*PROBLEM*:
The output is the lines below from the one with "Lindsey Vonn hopes" through the one with "UPPER-555 Revland Drive, Tecumseh, ON, N8N", both included, printed exactly and with no other line.
-=-=-
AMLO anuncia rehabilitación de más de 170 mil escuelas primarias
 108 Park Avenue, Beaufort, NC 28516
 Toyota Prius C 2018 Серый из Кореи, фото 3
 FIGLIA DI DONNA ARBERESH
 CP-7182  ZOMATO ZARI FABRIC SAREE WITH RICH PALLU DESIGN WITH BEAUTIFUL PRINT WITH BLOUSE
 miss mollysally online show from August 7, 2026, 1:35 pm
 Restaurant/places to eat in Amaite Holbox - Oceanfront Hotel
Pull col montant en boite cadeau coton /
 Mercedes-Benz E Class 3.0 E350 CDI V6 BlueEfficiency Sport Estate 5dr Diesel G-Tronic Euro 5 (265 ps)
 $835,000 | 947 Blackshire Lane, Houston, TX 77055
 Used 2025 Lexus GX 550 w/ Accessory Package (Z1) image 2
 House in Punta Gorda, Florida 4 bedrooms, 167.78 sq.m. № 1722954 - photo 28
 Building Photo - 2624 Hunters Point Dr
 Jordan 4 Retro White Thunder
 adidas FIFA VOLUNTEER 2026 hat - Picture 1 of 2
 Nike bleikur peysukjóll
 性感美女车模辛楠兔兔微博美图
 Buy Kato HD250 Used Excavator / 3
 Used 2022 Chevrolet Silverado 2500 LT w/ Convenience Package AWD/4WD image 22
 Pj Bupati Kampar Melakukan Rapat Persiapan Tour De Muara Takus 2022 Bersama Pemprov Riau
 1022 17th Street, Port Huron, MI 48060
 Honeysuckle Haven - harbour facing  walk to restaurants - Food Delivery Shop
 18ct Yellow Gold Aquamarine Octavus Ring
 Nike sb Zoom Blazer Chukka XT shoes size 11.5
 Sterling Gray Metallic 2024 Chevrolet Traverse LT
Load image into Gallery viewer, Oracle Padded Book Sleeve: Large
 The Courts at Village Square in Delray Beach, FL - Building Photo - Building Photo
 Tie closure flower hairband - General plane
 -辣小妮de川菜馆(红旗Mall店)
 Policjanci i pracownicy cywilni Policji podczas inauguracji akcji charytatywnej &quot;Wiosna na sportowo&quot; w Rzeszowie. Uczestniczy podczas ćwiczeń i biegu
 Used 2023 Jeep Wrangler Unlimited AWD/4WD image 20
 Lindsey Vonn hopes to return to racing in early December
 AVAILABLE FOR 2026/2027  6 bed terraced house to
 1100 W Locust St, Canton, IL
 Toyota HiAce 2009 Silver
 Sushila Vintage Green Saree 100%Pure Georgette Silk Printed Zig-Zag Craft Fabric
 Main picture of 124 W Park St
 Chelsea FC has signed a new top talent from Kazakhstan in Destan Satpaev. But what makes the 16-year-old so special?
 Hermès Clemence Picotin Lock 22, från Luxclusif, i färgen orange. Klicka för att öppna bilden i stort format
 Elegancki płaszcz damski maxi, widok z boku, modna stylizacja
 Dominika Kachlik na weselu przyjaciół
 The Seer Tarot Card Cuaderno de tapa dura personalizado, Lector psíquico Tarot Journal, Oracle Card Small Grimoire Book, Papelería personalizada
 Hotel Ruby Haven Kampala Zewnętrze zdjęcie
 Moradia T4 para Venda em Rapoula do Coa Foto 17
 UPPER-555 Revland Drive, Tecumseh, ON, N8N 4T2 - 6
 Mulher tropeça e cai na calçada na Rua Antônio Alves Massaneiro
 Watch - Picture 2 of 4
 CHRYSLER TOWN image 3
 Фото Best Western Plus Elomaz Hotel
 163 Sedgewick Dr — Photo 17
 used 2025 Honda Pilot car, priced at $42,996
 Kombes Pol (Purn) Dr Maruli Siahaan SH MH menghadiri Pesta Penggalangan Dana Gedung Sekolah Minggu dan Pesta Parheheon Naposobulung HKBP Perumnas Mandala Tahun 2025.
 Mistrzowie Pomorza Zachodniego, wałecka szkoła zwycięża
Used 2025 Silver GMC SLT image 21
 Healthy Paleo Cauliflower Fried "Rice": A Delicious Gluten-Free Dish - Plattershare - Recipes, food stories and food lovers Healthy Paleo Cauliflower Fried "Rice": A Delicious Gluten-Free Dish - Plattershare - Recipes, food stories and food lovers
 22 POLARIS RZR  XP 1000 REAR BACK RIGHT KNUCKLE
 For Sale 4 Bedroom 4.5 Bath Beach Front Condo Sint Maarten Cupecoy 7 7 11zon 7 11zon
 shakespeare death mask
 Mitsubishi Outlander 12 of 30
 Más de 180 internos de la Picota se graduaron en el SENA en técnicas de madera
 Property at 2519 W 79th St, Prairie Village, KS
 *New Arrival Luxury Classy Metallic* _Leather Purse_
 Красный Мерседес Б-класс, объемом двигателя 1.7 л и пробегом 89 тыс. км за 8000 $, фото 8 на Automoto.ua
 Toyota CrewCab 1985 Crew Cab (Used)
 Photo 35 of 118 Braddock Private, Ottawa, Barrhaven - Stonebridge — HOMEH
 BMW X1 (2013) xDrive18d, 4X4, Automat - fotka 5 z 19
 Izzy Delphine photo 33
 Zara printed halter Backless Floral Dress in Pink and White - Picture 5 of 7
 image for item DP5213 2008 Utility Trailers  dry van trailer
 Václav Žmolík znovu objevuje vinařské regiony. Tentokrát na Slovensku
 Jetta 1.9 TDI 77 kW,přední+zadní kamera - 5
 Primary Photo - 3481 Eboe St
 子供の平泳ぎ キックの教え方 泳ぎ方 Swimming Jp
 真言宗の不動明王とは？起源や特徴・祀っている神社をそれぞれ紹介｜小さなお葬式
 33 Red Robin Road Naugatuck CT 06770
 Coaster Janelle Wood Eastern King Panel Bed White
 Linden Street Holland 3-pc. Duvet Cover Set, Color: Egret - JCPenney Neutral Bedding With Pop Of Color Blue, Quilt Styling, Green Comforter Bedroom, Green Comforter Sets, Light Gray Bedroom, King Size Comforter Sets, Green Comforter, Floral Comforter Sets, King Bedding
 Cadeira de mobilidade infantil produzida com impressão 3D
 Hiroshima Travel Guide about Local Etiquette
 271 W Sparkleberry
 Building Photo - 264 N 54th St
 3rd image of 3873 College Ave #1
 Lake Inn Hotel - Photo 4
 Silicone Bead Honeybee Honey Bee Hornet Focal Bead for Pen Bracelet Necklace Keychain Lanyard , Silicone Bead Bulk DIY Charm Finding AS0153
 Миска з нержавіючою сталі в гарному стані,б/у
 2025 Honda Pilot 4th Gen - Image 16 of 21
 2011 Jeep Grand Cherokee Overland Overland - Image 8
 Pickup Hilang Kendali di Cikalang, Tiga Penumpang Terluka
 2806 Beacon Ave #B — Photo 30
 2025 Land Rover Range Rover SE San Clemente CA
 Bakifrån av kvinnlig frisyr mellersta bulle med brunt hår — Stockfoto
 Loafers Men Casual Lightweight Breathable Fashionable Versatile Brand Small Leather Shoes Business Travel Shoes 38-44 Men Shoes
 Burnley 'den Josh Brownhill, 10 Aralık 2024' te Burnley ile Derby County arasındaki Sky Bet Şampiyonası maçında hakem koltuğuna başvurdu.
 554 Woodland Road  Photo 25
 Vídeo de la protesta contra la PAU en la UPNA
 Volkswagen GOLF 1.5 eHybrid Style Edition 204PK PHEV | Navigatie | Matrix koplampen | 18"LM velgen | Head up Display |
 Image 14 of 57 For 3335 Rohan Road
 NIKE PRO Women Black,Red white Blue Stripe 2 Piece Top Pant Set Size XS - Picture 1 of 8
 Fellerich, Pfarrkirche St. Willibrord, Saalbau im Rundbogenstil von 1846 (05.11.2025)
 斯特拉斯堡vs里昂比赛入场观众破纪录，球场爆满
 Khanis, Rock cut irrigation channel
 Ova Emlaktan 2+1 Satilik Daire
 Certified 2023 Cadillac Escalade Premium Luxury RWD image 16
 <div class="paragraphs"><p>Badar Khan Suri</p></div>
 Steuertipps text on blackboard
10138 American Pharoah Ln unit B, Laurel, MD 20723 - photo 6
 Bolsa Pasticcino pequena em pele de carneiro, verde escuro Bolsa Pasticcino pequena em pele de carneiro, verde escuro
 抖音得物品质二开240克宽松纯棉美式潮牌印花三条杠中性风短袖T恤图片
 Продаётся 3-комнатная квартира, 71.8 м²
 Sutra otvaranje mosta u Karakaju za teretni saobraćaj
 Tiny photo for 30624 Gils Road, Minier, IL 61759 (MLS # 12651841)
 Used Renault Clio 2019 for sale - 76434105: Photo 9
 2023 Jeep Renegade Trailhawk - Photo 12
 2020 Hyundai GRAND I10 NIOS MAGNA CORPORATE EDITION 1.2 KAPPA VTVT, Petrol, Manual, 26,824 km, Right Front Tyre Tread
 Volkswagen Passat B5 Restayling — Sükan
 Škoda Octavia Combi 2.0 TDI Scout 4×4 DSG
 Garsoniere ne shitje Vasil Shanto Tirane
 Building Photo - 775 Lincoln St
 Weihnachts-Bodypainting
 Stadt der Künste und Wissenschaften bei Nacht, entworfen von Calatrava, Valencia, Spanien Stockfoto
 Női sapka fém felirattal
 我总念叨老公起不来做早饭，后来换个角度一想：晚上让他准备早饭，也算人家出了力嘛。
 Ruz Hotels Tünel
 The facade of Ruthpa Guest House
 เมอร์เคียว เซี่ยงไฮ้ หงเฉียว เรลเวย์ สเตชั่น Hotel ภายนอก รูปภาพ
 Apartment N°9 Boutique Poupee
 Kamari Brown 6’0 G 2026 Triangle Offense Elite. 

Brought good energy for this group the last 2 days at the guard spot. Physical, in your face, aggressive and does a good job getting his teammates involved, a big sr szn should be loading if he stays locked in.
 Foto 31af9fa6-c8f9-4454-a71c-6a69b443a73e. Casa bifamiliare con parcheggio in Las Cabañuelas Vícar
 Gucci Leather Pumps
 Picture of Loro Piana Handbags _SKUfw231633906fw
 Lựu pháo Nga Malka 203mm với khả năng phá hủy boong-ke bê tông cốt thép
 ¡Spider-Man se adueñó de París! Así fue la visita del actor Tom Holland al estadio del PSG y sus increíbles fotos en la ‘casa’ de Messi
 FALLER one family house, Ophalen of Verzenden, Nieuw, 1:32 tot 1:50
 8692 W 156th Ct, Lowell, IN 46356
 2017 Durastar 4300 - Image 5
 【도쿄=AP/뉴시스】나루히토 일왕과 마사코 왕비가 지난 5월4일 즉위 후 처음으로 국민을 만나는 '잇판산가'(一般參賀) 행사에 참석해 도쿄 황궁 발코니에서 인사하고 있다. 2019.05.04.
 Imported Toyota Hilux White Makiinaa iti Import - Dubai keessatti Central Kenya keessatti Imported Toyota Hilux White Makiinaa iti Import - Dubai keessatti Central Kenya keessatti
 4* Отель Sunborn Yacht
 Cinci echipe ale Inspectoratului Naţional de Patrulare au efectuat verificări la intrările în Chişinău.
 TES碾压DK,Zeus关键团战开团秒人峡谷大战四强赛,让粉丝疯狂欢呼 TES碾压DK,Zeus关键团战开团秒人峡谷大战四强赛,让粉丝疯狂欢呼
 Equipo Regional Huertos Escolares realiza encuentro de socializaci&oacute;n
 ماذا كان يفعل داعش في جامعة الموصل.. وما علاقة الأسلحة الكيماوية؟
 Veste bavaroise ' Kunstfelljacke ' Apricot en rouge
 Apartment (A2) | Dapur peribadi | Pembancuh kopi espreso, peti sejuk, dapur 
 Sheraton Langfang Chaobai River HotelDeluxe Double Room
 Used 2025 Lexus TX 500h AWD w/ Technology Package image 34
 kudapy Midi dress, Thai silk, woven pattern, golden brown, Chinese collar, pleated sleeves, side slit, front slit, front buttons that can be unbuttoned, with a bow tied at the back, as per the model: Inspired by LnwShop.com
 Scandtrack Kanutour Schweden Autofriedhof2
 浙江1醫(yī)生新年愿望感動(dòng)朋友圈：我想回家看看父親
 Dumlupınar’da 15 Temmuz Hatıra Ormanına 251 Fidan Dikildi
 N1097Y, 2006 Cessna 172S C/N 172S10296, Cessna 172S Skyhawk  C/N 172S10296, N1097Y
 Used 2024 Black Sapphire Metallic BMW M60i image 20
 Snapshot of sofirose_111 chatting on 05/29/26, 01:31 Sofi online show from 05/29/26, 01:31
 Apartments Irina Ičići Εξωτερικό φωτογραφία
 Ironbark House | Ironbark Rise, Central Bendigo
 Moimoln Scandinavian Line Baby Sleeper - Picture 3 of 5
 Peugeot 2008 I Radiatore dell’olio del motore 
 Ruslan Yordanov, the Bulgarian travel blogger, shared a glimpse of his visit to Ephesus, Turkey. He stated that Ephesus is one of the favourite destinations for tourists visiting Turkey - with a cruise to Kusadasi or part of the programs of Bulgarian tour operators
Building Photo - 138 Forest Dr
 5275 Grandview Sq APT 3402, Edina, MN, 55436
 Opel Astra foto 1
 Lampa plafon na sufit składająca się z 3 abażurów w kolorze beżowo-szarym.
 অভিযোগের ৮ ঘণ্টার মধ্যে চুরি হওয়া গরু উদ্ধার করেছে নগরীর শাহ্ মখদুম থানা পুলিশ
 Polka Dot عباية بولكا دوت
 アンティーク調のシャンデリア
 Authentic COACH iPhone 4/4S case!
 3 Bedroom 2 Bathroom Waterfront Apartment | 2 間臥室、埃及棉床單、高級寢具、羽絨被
-=-=-
*TASK RESULT*:
 Lindsey Vonn hopes to return to racing in early December
 AVAILABLE FOR 2026/2027  6 bed terraced house to
 1100 W Locust St, Canton, IL
 Toyota HiAce 2009 Silver
 Sushila Vintage Green Saree 100%Pure Georgette Silk Printed Zig-Zag Craft Fabric
 Main picture of 124 W Park St
 Chelsea FC has signed a new top talent from Kazakhstan in Destan Satpaev. But what makes the 16-year-old so special?
 Hermès Clemence Picotin Lock 22, från Luxclusif, i färgen orange. Klicka för att öppna bilden i stort format
 Elegancki płaszcz damski maxi, widok z boku, modna stylizacja
 Dominika Kachlik na weselu przyjaciół
 The Seer Tarot Card Cuaderno de tapa dura personalizado, Lector psíquico Tarot Journal, Oracle Card Small Grimoire Book, Papelería personalizada
 Hotel Ruby Haven Kampala Zewnętrze zdjęcie
 Moradia T4 para Venda em Rapoula do Coa Foto 17
 UPPER-555 Revland Drive, Tecumseh, ON, N8N 4T2 - 6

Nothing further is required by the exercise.